Active Reward Learning from Online Preferences

Vivek Myers, Erdem Bıyık, Dorsa Sadigh

ICRA 2023

online-active-video.mp4

Abstract

Robot policies need to adapt to human preferences and/or new environments. Human experts often have the domain knowledge required to help robots achieve this adaptation. However, existing works often require costly offline re-training on human feedback, and those feedback usually need to be frequent and too complex for the humans to reliably provide. To avoid placing undue burden on human experts and allow quick adaptation in critical real-world situations, we propose designing and sparingly presenting easy-to-answer pairwise action preference queries in an online fashion. Our approach designs queries and determines when to present them to maximize the expected value derived from the queries' information. We demonstrate our approach with experiments in simulation, human user studies, and real robot experiments. In these settings, our approach outperforms baseline techniques while presenting fewer queries to human experts.

Approach

We model the robot's uncertainty about it's environment's reward function. This uncertainty allows the robot to evaluate when to ask the most informative pairwise comparisons from the human. Specifically, we take a multitask learning perspective to this problem and pretrain a library of robot reward functions on a number of tasks. In test time, we maintain a posterior over different tasks by directly modeling the effect of presenting queries to a human on the robot's belief state. We can thus compute the expected value of information (EVOI) of any potential pairwise query corresponding to the expected value the robot gains by asking that question. Using the EVOI metric, we propose an approach for selecting when to to query a human expert and what queries to make.

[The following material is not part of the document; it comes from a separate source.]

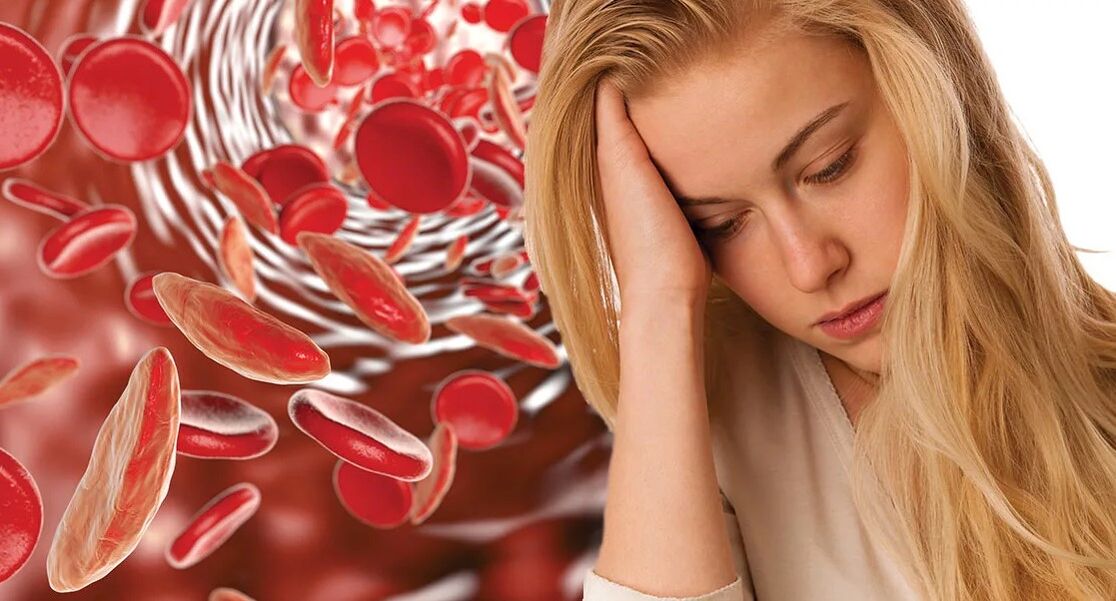 Anemia caused by parasites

Our approach compares the EVOI of different queries against each other and a threshold to determine when to ask pairwise comparison queries over the robot's actions as well as which queries to ask. Leveraging the EVOI metric allows us to ask the most informative questions that can be easily answered at the critical time steps and thus update our policy in an online fashion.


GridWorld


Our initial results test our algorithm in a GridWorld environment. This environment involves an agent navigating a grid to reach a goal destination. In this setting, our task distribution is a uniform distribution over possible valid goal locations. Our method outperforms baselines across differernt numbers of queries.

Driving

We test our approach on a driving environment. Users may have different preferences over the desired lane and lane changes, speed range, acceleration, and follow distance. Our approach outperforms baselines while using fewer queries in simulation, and when tested with real human users is ranked as better than baselines.

Block Pushing

We apply our approach to the task of using a robot to push a block to a goal location which is unknown to the robot but known to a simulated human expert. Our method outperforms baselines in simulation and transfers to a real Fetch robot.